LA CONTRIBUTION DES CHRÉTIENS. Interview du cardinal Angelo Sodano

Nova et vetera, la clef pour harmoniser modernité et tradition


L’Europe, si elle veut atteindre ses objectifs, doit s’inspirer avec «une fidélité créative» de l’héritage chrétien. Le cardinal doyen du Sacré Collège fait le point sur les vingt ans qui nous séparent de la chute du Mur de Berlin ainsi que sur les problèmes et les perspectives de l’Union européenne


Interview du cardinal Angelo Sodano par Roberto Rotondo


Où en est la construction de la maison commune européenne vingt ans après la chute du Mur de Berlin? Qu’en est-il des mille espoirs de naguère? Et comment sortir de l’opposition stérile entre laïcisme et fondamentalisme religieux, qui traverse les institutions européennes? Le livre récent du cardinal Angelo Sodano, doyen du Sacré Collège et Secrétaire d’État émérite, Per una nuova Europa. Il contributo dei cristiani, édité par la Libreria Editrice Vaticana, réussit en peu de pages à apporter des réponses à toutes les questions qui se posent, sans en négliger aucune, même les plus épineuses. Le tout sans polémique mais avec cette capacité de synthèse, cette clarté et cette simplicité que le cardinal Sodano doit aux cinquante années passées dans la diplomatie vaticane, dont quinze comme secrétaire d’État des deux derniers Papes, mais aussi, peut-être, au lien qu’il a gardé avec sa terre, ce monde rural piémontais où il a grandi et où il est devenu prêtre. Son père Giovanni a été, entre autres, député au Parlement italien de 1948 à 1963.
Pour cette interview, le cardinal nous reçoit avec une grande cordialité au Collège Éthiopien, un morceau d’Afrique au cœur du Vatican, où se trouve son appartement et où, aujourd’hui, en cette matinée ensoleillée de fin janvier, il est en train de travailler.

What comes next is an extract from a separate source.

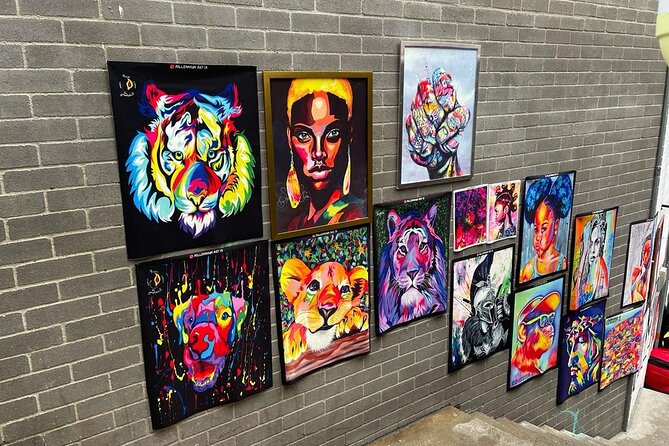 2-Hours Street Art Walking Tour in Medellin Comuna 13 - Where you meet in Comuna 13 (and how not to lose time)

Le cardinal Angelo Sodano pendant son intervention à l’occasion des célébrations du «Millénium du Nom Lituanie», à Vilnius, le 6 juillet 2009 [© AFP/Getty Images]

Le cardinal Angelo Sodano pendant son intervention à l’occasion des célébrations du «Millénium du Nom Lituanie», à Vilnius, le 6 juillet 2009 [© AFP/Getty Images]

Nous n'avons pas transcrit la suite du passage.